И вот оно. Эллиот никогда не умел играть на поверхности.
— Я не готова к этому, — тихо признаю я.
— А тебе нужно готовиться ко мне?
— Если я к кому и должна готовиться, так это к тебе.
Это попадает ему туда, куда я и хотела — прямо в яблочко уязвимого ядра, — но как только он вздрагивает, я жалею об этом.
Проклятье.
— Просто дай мне минутку, — просит он, притягивая меня к краю тротуара, чтобы мы не мешали постоянному потоку пассажиров. — Как ты? Как давно ты вернулась? Как Дункан?
Вокруг нас мир словно замирает.
— Я в порядке, — говорю я механически. — Я переехала обратно в мае. — Меня выбивает из колеи его третий вопрос, и мой ответ выходит дрожащим: — И… папа умер.
Эллиот слегка отступает назад. — Что?
— Да, — говорю я, голос сбивается.

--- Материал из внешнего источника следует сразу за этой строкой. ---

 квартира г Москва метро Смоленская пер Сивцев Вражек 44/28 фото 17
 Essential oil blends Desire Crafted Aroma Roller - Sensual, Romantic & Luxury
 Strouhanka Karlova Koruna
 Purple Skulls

Я ошеломлена этим, пытаюсь переписать историю, перемонтировать тысячи синапсов в своем мозгу.
Каким — то образом мне удается вести этот разговор, не потеряв рассудок, но если я простою здесь еще две минуты, все ставки будут сделаны. Эллиот прямо здесь, спрашивает о папе, я сплю всего два часа, а впереди меня ждет восемнадцатичасовой день… Мне нужно убираться отсюда, пока я не расплавилась.
Но когда я поднимаю на него глаза, я вижу, что лицо Эллиота — это зеркало того, что происходит в моей груди. Он выглядит опустошенным. Он единственный, кто мог бы так выглядеть после того, как узнал о смерти отца, потому что он единственный, кто мог бы понять, что это сделало со мной.

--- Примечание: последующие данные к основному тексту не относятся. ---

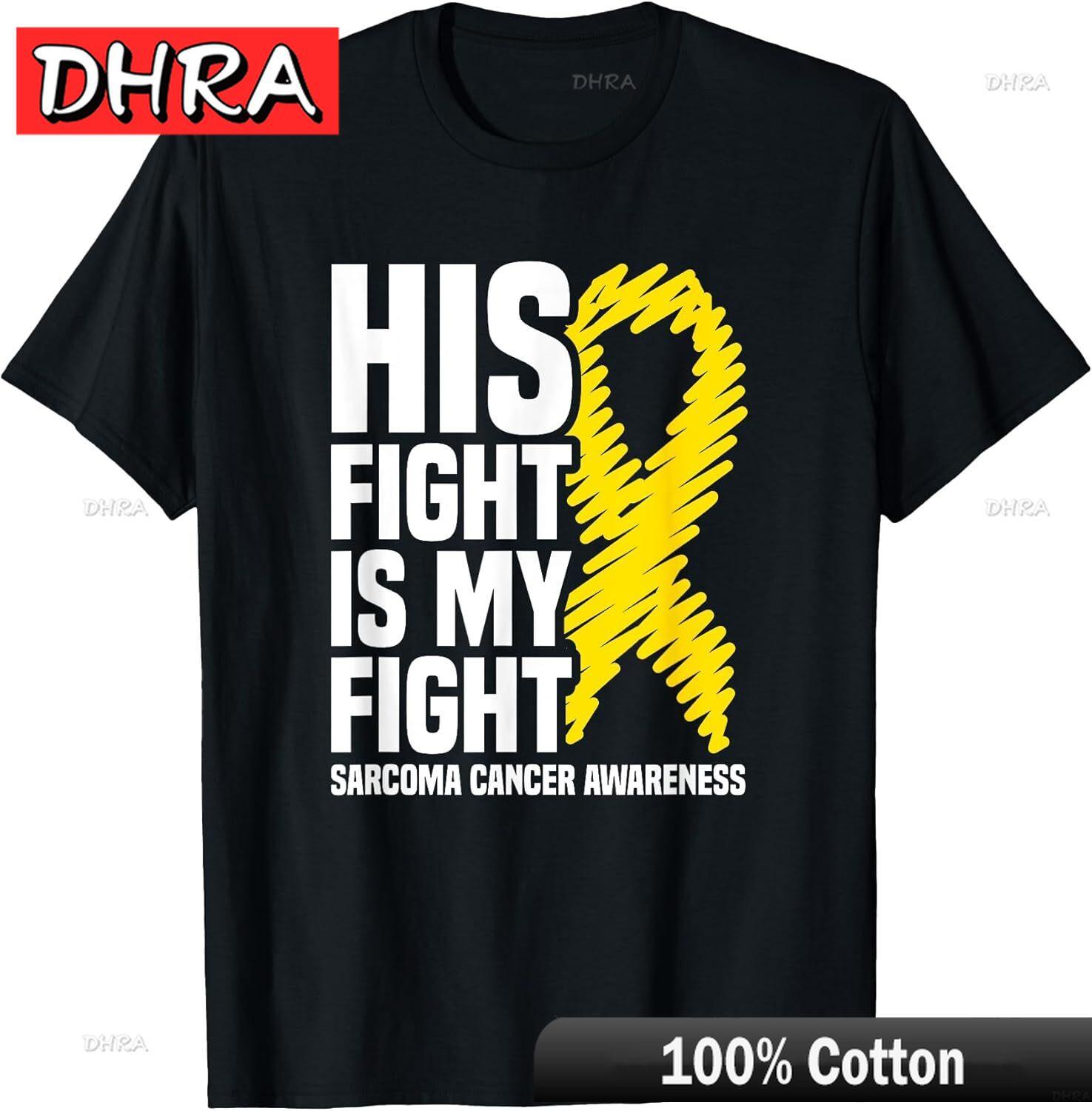 His Fight Is My Fight Bone Cancer Sarcoma Cancer Awareness TShirt Cute Fresh Tshirts Bold Comfy Women Trendy Tops Aesthetic S
His Fight Is My Fight Bone Cancer Sarcoma Cancer Awareness TShirt Cute Fresh Tshirts Bold Comfy Women Trendy Tops Aesthetic S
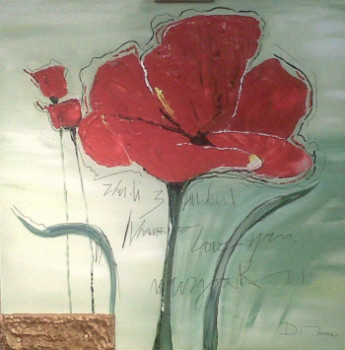 Obra contemporánea nombrada « TOUCHE DE PRINTEMPS », Hecho por BARANIECKI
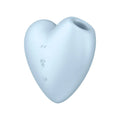 Stymulator łechtaczki Satisfyer Cutie Heart niebieski 7 cm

— Дункан умер? — Его голос звучит густо от эмоций. — Мейси, почему ты мне не сказала?
Святые угодники, это огромный вопрос.
— Я… — начала я и покачала головой. — Мы не были на связи, когда это случилось.
Тошнота подкатывает от желудка к горлу. Какое уклонение. Какое невероятное уклонение.

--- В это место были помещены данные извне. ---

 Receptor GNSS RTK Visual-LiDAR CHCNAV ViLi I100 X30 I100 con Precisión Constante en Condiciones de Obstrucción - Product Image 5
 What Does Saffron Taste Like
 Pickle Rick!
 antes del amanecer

Он качает головой. — Я не знал. Мне так жаль, Мейс.
Я даю себе еще три секунды, чтобы посмотреть на него, и это как еще один удар по нутру. Он — мой человек. Он всегда был моим человеком. Моим лучшим другом, моим доверенным лицом, возможно, любовью всей моей жизни. И я провела последние одиннадцать лет, будучи злой и самодовольной. Но в конце концов, он проделал в нас дыру, и судьба разорвала ее.
— Я пойду, — говорю я в резком порыве неловкости. — Хорошо?
Прежде чем он успевает ответить, я разбегаюсь и бегу по улице в сторону станции BART. Все время, пока я иду на скорости, и на протяжении всего грохочущего пути обратно под заливом, мне кажется, что он рядом, позади меня или на сиденье в следующем вагоне.
Тогда: Пятница, 11 октября
Пятнадцать лет назад
Вся семья Петропулосов была на своем дворе, когда мы подъехали в фургоне для переезда два месяца спустя. Фургон был заполнен только наполовину, потому что мы с папой оба думали на стойке проката, что у нас будет больше вещей, чтобы взять их с собой. Но в итоге мы купили в комиссионном магазине только столько мебели, чтобы было где спать, есть и читать, и не более того.